>>>

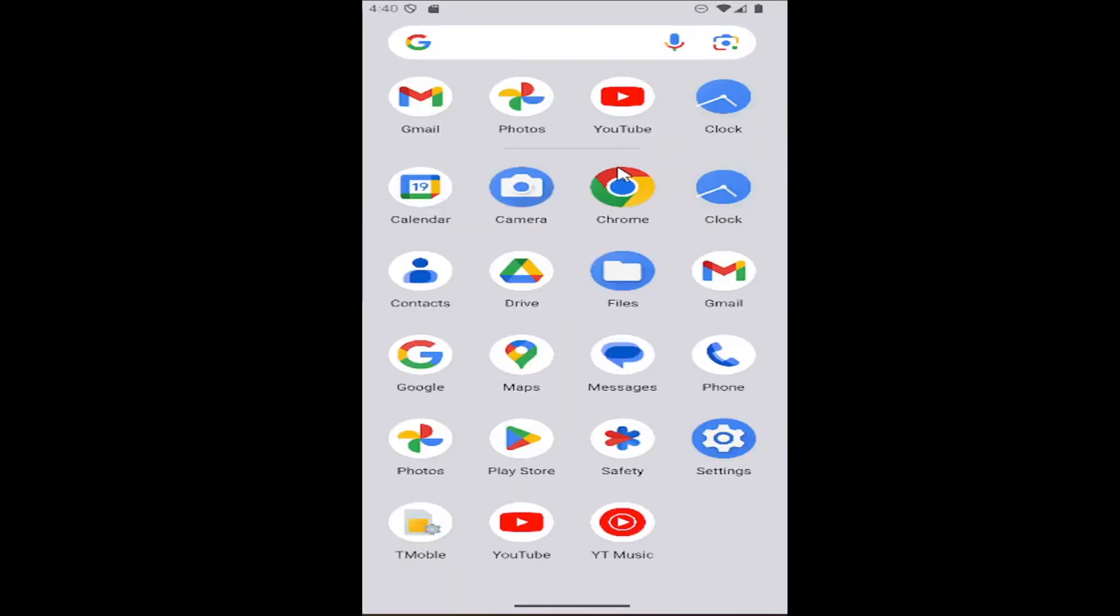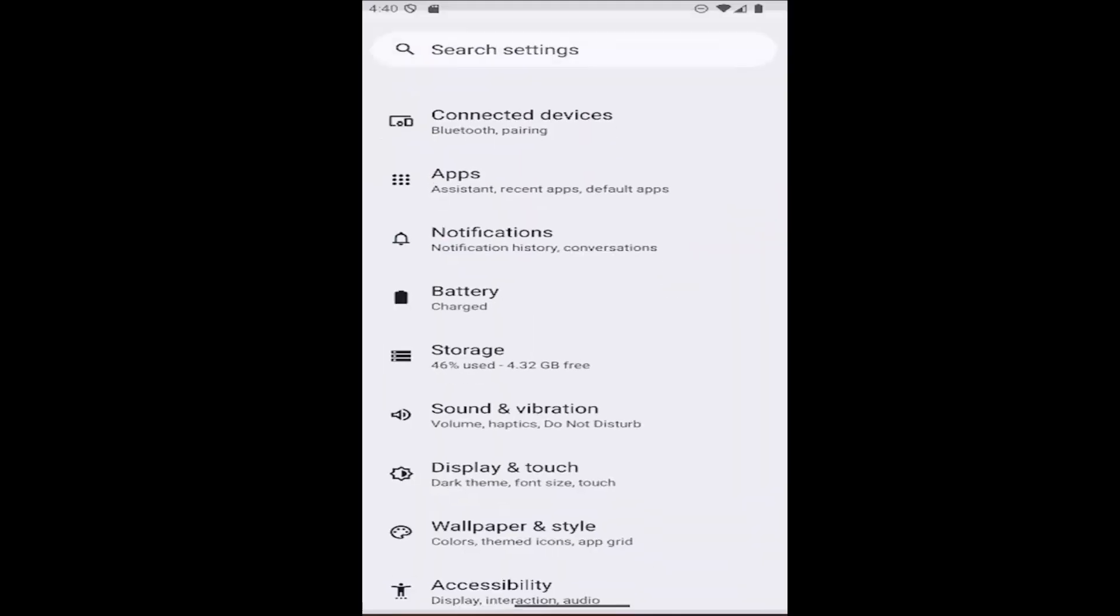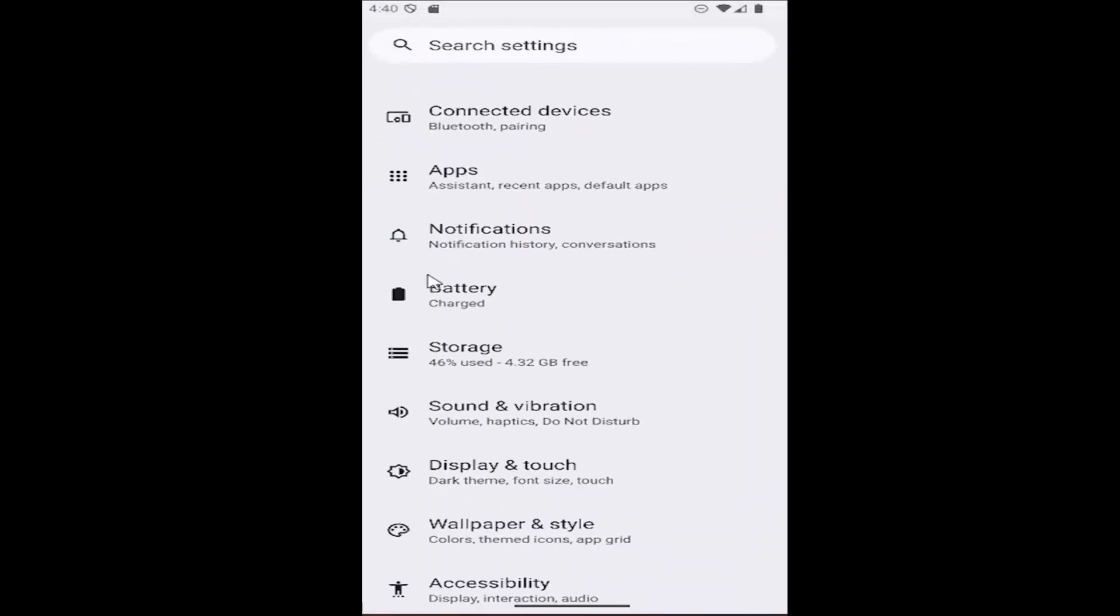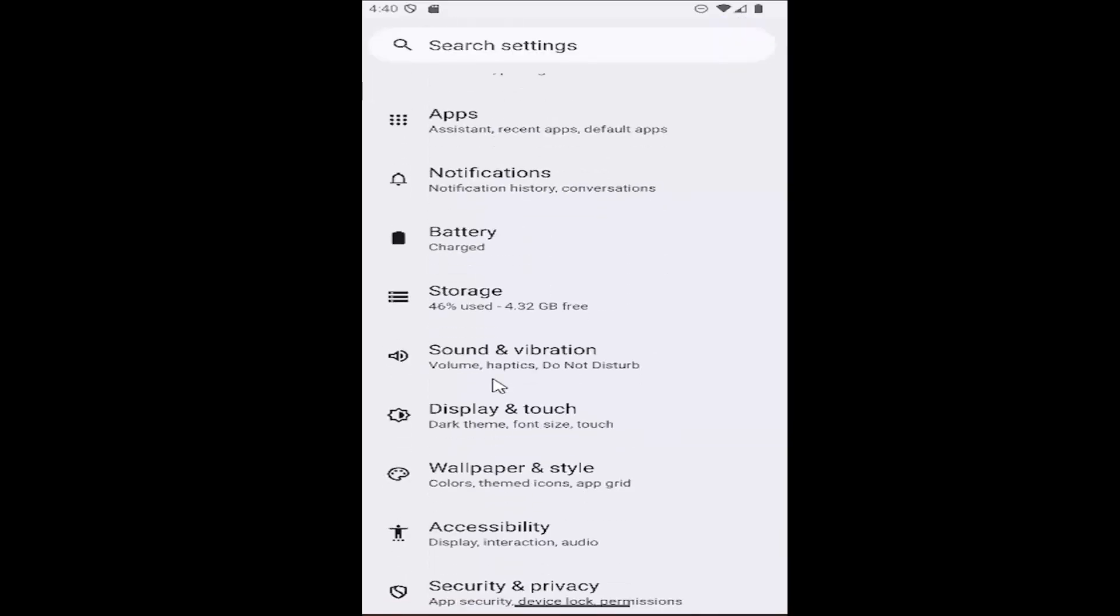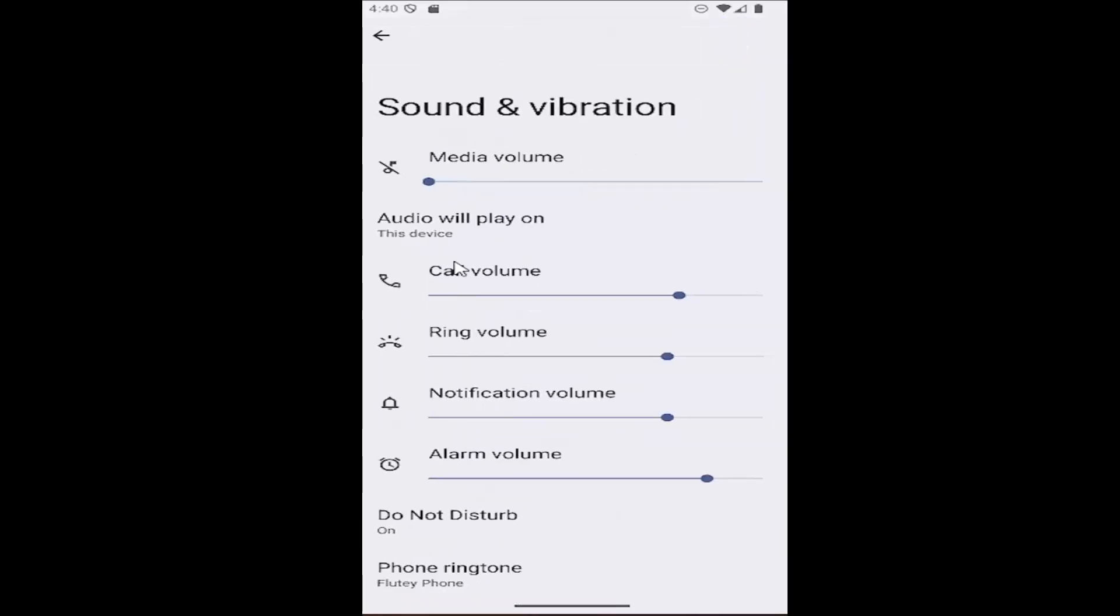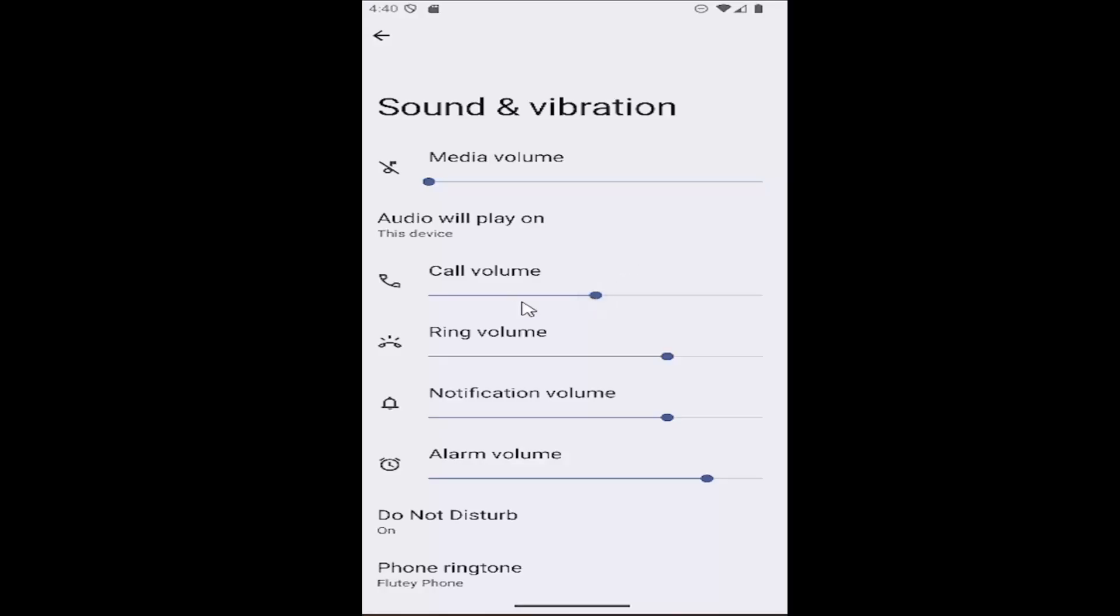Just swipe up on your home screen and select the settings gear button. Then go down to where it says Sound & Vibration, select that, and then Call Volume. You can make the call volume louder by dragging it to the right, or drag it to the left to make it quieter. You can play around with this, test it out, see what's best for your preference level, and that's pretty much all you have to do.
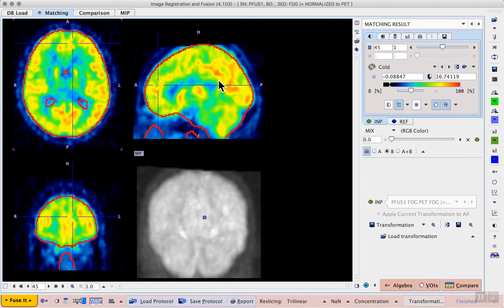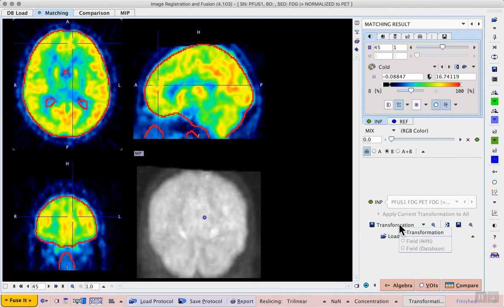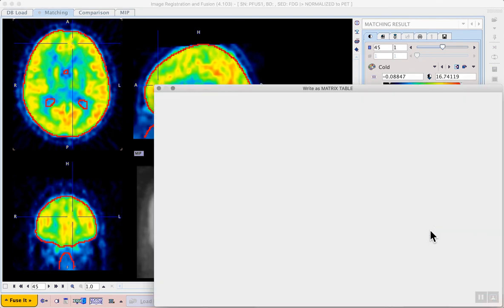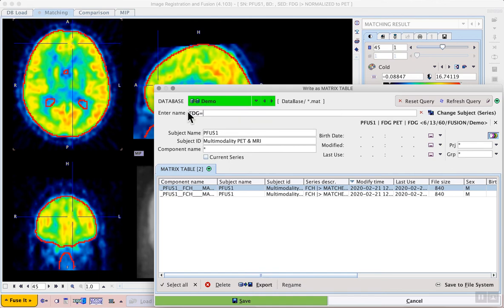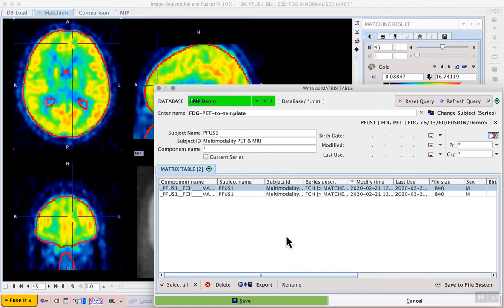Assuming that I'm happy with the transformation I can save it to the database in case we need to do the calculations for this dataset again. So I can use the save transformation icon on the right hand side where I can save this transformation for example as FDG PET to template so that I can access it easily later on.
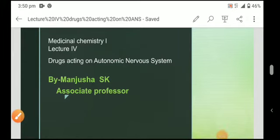Hello students, here myself Manjusha, and I have started a series of lectures for medicinal chemistry. We already completed the first three lectures and all these lectures are as per your new PCI syllabus, providing detailed information not just the PPT. Moving toward the next lecture on drugs acting on the autonomic nervous system.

<<<

• ACTION ITEM: Since pictures are not part of the copy, set down only the remaining data exactly.

• FINISHED EXERCISE:
Just swipe up on your home screen and select the settings gear button. Then go down to where it says Sound & Vibration, select that, and then Call Volume. You can make the call volume louder by dragging it to the right, or drag it to the left to make it quieter. You can play around with this, test it out, see what's best for your preference level, and that's pretty much all you have to do.
Assuming that I'm happy with the transformation I can save it to the database in case we need to do the calculations for this dataset again. So I can use the save transformation icon on the right hand side where I can save this transformation for example as FDG PET to template so that I can access it easily later on.
Hello students, here myself Manjusha, and I have started a series of lectures for medicinal chemistry. We already completed the first three lectures and all these lectures are as per your new PCI syllabus, providing detailed information not just the PPT. Moving toward the next lecture on drugs acting on the autonomic nervous system.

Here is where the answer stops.